I believe the projected number of cores for ARM last year was around 3 billion. I doubt x86 passed 500 million, which also means that both MIPS and PPC is competing with x86 for second place in number of cores for 32bit+ CPU's. (On the 16 bit or below end you also have surprises like 6502 derivatives shipping in ludicrous volumes)
So x86 has been "hot" for the market for main CPU's in devices consumers recognise as computers, and has been by far the most profitable architecture for a long time. Outside of that, though, it's at best at second place in total volume, and in most non-computer markets it's more likely to place in 3rd to 5th place in volume.
That, and because historically, the ARM instruction set has always been the gold-standard power-efficient 32-bit architecture. Especially in thumb mode.
Open-source software and the extreme efficiency goals of data centers make an interesting alternative to x86 now.

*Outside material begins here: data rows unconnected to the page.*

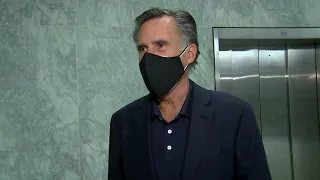 Mitt Romney speaks to reporters after getting COVID-19 vaccine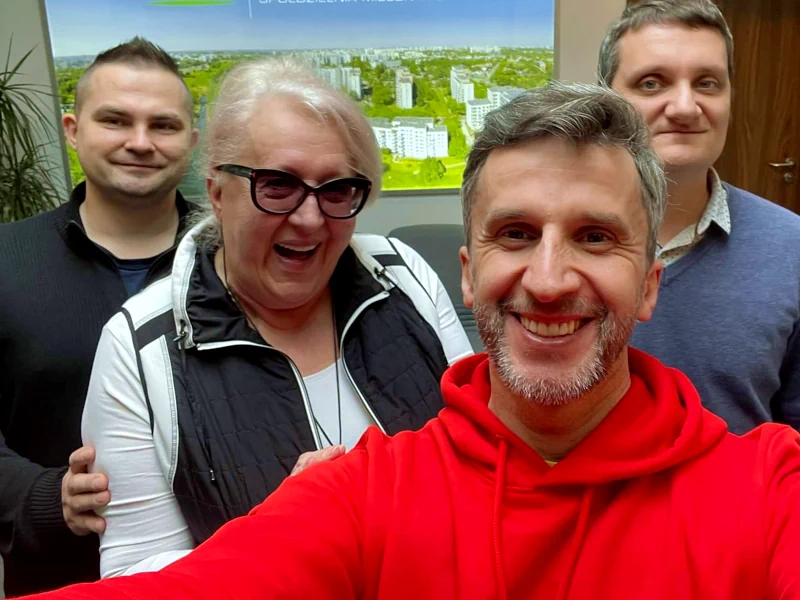 Trzech mężczyzn i kobieta uśmiechają się do obiektywu. Na przodzie redaktor radia warszawa w czerwonej bluzie. Za nim dyrektor biblioteki mokotowskiej w jasnym stroju i w ciemnych okularach. Z tyłu dwóch pracowników biblioteki w ciemnych bluzach.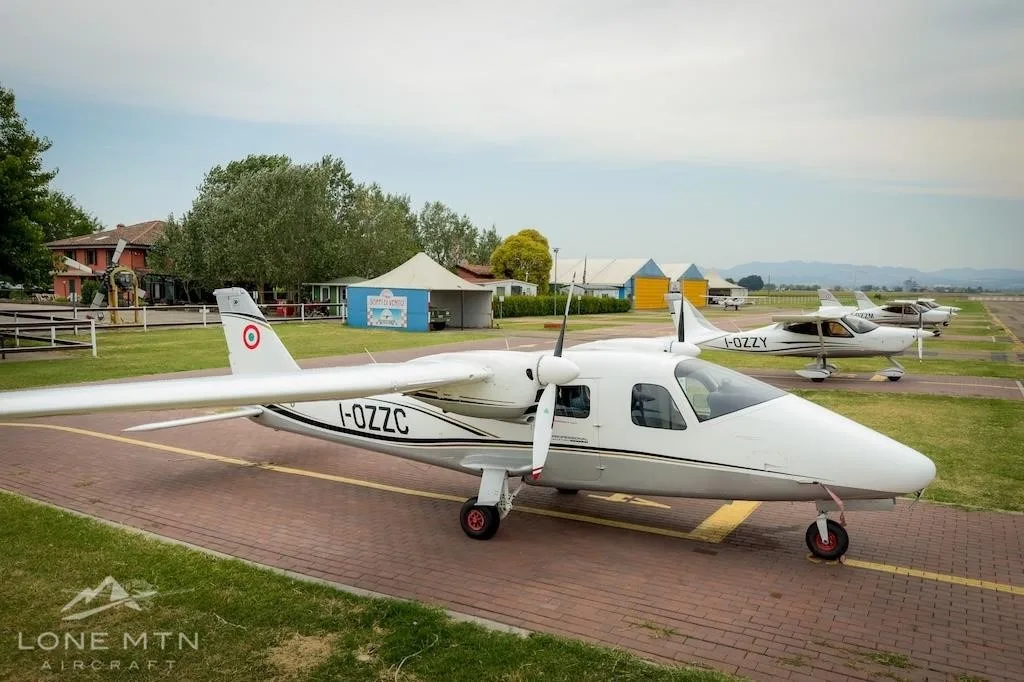 Exterior view of a 2017 TECNAM P2006T, I-OZZC.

If you look at it from the perspective of expressiveness, the CISC-ness of the x86 ISA also allows far more opportunity for hardware-level enhancements than a RISC style one: the code density is higher, meaning better cache usage and less memory bandwidth needed (especially with multiple cores), and there's still a lot of relatively complex instructions with the potential to be made even faster. RISC came from a time when memory bandwidths were higher and the bottleneck was instruction execution inside the CPU, but now it's the opposite; memory bandwidth and latency is becoming the bottleneck. There's only so much you can do to speed up an ARM core without adding new instructions.
It's pretty weird to think that x86 gives Intel any advantage over ARM.
Let's see: x86 code density is horrible for a CISC, there is hardly any advantage over ARM, which does great being a RISC. Also remember that the memory bandwidth is primarily a problem for data, but not code. ARM64 is a brand new ISA, it's the x86 ISA that is a relict from the times when processors were programmed with microcode. Intel is doing a great job to handle all this baggage, but to claim that the ISA gives Intel an advantage is ridiculous.
And finally, Linus has been an Intel fanboy since day one. Go read the USENET archives to find out. He received quite a bit of critique because the first versions of Linux were not portable but tied to i386.
x86 code density may not be optimal but it's better than regular ARM - only thumb-mode can beat it, and just barely.
> Also remember that the memory bandwidth is primarily a problem for data, but not code
RISCs, by design, need to bring the data into the processor for processing; but I see things like http://en.wikipedia.org/wiki/Computational_RAM being more widely used in the future, where the computation is brought to the data, and this becomes much easier to fit to a CISC like the x86 with its ability to operate on data in memory directly with a single instruction. Currently this is done with implicit reads/writes, but what I'm saying is that the hardware can then optimise these instructions however it likes.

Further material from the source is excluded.